First appeared at Sputnik
About a decade ago, Iceland’s economy went through the worst collapse in its history: the nation’s leading banks crashed, unemployment rose and Icelanders were left off struggling with debts. The tiny Nordic nation seems to have recovered since, but today seems to be cruising towards another financial crisis.
Since 2008, when the Icelandic stock market fell by 90 percent, which resulted in the collapse of the Icelandic krona and rampaging unemployment, the island nation’s economy seems to have recovered. To the country’s traditional industries, such as fishing and aluminum mining, tourism has been added, increasing the number of foreign tourists five-fold.
Today, Thorvaldur Gylfason, a professor of economics at the University of Iceland and one of the nation’s leading economists, who effectively envisaged the 2008 collapse, warns about a new crisis looming.
All in all, Iceland managed the crisis rather well, Thorvaldur Gylfason told the Swedish daily Dagens Nyheter, stressing the support from the International Monetary Fund (IMF) and Iceland’s Nordic peers. However, Iceland refused to honor the guarantees given by its banks to their foreign depositors, which resulted in particularly frosty relations with the UK and the Netherlands.
“Basically we have a nation that stuck away with astronomical amounts of money belonging to others. Then it’s no longer strange that the economy is going so well, right?” Thorvaldur Gylfason commented with a laugh.
According to Gylfason, Iceland’s solution of letting banks collapse and bringing the responsible to justice is hardly universally applicable in other crisis-stricken nations, like Greece, since the public tends to be too scared to do things that bankers don’t like. Gylfason emphasized that Iceland’s solution was a forced one, and was neither a matter of courage or brilliance.
“If the hole had not been as deep as it was, I believe Iceland would have chosen the same solution as Ireland, that is forcing taxpayers to pay up,” Gylfason noted.
Even if Icelanders showed everyone that banks aren’t necessary “holy cows,” banks are often owned by pension funds, states and municipalities, which means that any bank crash will sooner or later have repercussions for ordinary people.

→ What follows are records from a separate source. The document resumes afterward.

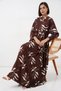 Women's Patterned Long Hijab Dress 1155 - F.Brown - 2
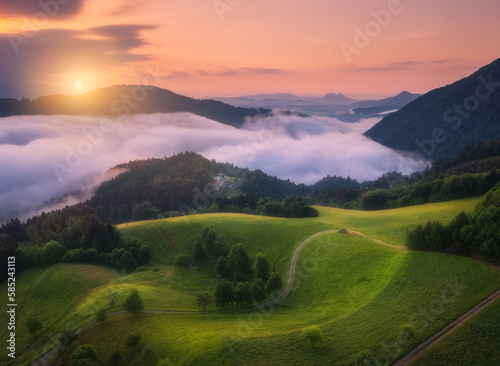 Aerial view of alpine meadows and mountains in low purple clouds at sunrise in summer. Top drone view of hills with green grass and trees in fog  colorful sky in Slovenia. Nature. Mountain valley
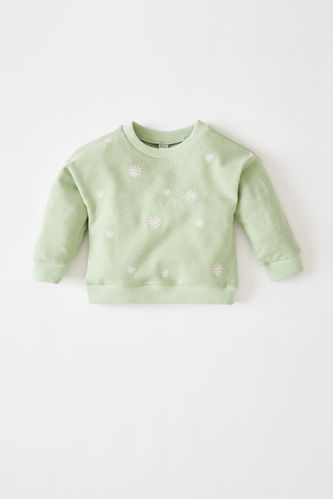 Sweat-shirt ras du cou à motif floral pour bébé fille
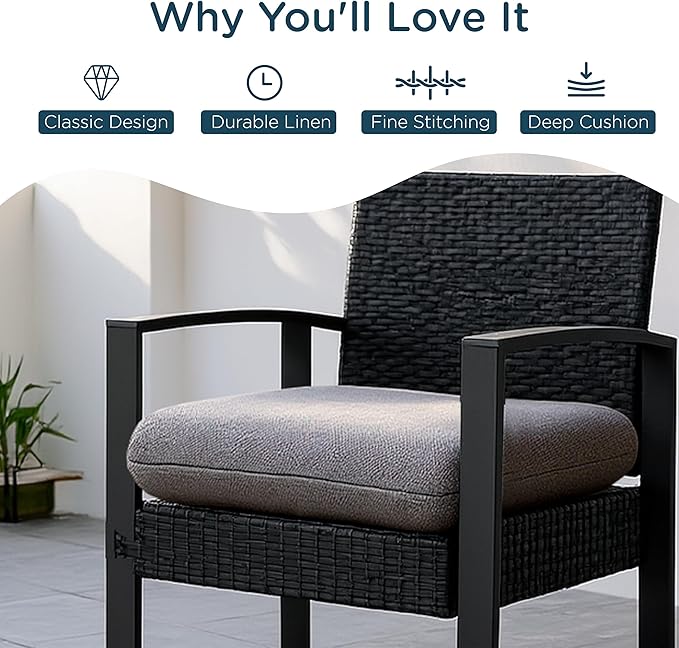 Codi Patio Chair Cushions 19x19 Inch, Waterproof Seat Cushion for Outdoor Furniture with Textured Fabric, Handles & Adjustable Straps, Fade Resistant - Set of 2, Grey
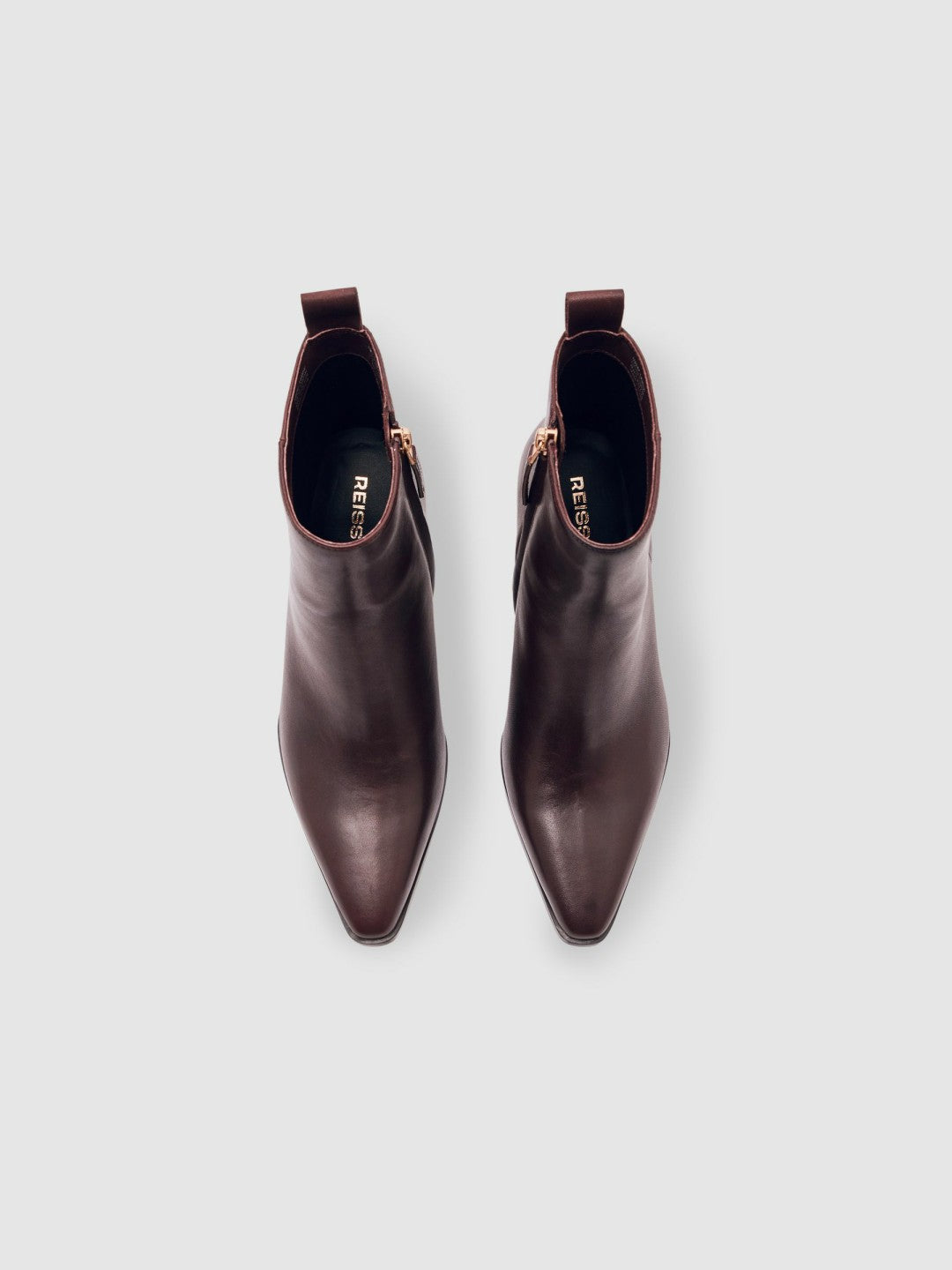 Leather Blocked Heel Ankle Boots Oxblood | Womens
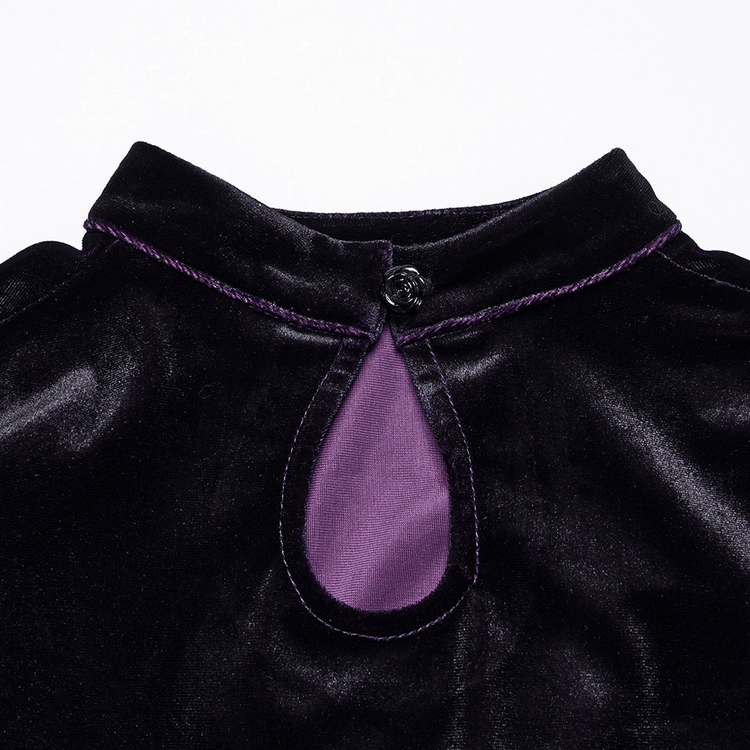 Velvet Gothic Gradient Dress with Adjustable Drawstring - image 9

“The only question is how to spread the losses,” Thorvaldur Gylfason said.
In 2008, tens of thousands of Icelandic households saw their loan burden rise dramatically. The reason is that most Icelanders had borrowed in foreign currency, but when the crash came, the Icelandic krona collapsed, effectively inflating the debt together with interest and amortization.
Iceland’s escape from the black hole has taken time, effort and cost.
“It was not until 2016 that national income per inhabitant recovered back to the pre-crisis level of 2007,” Gylfason said, stressing that it has taken nine years to restore the average Icelander’s purchasing power.
The crisis has left a bitter mark on Icelanders. At the height of the crisis, as many as three households a day had to give up their homes to banks. Many were allowed to stay in their former homes and pay the rent. Iceland has also required legal responsibility for the bankers. So far, 35 people have been sentenced to an average of 2.5-year prison terms for crimes ranging from breach of faith to fraud. Also, negotiations between the failed banks and their creditors are still ongoing.